Bitcoin Dips Below $68K as Dollar Posts 1.5% Weekly Gain
Bitcoin fell below the $68,000 psychological support on March 6, 2026, as the US Dollar Index recorded its steepest weekly rise in a year amid escalating geopolitical tensions and a shocking contraction in US payrolls.
- 01Bitcoin fell to an intraday low of $67,757.82 on March 6, 2026.
- 02Spot Bitcoin ETFs recorded $227.9 million in net outflows on March 5, 2026.
- 03The US Dollar Index (DXY) rose 1.5% in the week ending March 6, 2026.
- 04US Non-Farm Payrolls showed a loss of 92,000 jobs in February 2026.

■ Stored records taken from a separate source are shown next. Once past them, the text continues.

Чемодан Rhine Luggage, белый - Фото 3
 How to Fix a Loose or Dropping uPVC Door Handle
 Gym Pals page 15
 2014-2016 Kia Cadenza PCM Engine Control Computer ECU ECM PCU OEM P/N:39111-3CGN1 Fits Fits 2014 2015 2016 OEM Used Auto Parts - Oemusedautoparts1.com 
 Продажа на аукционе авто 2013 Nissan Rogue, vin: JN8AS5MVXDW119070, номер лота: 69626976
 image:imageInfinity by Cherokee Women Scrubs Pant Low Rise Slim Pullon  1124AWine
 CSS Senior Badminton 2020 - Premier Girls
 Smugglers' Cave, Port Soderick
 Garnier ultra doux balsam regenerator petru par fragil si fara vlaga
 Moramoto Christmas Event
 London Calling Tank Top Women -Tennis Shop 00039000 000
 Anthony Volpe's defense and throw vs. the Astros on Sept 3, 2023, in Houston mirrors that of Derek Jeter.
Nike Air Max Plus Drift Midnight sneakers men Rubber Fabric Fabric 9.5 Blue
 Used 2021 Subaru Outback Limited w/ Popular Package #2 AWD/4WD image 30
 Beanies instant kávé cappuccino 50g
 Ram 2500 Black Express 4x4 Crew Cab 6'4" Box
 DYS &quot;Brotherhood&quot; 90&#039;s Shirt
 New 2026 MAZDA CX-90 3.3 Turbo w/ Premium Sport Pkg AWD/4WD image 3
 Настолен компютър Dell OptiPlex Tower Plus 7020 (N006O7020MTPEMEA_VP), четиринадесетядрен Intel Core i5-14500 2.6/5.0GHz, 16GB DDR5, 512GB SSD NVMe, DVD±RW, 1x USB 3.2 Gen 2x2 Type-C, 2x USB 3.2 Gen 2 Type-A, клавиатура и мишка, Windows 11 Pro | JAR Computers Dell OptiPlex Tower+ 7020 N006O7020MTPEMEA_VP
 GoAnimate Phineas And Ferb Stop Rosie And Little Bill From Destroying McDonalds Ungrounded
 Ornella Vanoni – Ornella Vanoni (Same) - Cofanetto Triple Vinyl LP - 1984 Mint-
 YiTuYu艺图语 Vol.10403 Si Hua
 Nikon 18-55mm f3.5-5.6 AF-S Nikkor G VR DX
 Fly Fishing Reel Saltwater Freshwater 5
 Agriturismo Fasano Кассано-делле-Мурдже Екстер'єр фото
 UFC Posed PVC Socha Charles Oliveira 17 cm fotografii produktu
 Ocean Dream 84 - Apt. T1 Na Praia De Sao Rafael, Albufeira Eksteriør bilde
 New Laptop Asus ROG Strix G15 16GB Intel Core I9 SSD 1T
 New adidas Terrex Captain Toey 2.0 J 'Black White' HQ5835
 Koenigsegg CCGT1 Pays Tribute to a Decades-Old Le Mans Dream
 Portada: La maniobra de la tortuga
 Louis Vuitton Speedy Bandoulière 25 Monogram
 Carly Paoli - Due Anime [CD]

- 05Crypto Fear & Greed Index hit 14 (Extreme Fear) on March 6, 2026.
What Happened
Bitcoin (BTC) is trading at $68,136.49 as of March 6, 2026, struggling to recover after dipping to an intraday low of $67,757.82. The asset has faced intense sell-side pressure, coinciding with a resurgence in the US Dollar Index (DXY), which posted a weekly gain of approximately 1.5%—its sharpest rise in 12 months.
:::chart BTC 7d
The decline in risk assets follows the release of the February 2026 US Non-Farm Payrolls (NFP) report, which revealed a loss of 92,000 jobs, significantly missing the consensus estimate of a 60,000 gain. Despite the recessionary signal, capital fled to the US Dollar rather than crypto, driven by safe-haven demand amid escalating conflict in the Middle East. Consequently, Spot Bitcoin ETFs saw net outflows of $227.9 million on March 5, 2026, exacerbating the downward momentum.
Background
The current market structure reflects a broader correction from the October 2025 all-time high of $126,073. Bitcoin is currently trading roughly 44% below that peak. The macro environment has shifted from risk-on to capital preservation, evidenced by the Crypto Fear & Greed Index dropping to 14 (Extreme Fear) as of March 6, 2026.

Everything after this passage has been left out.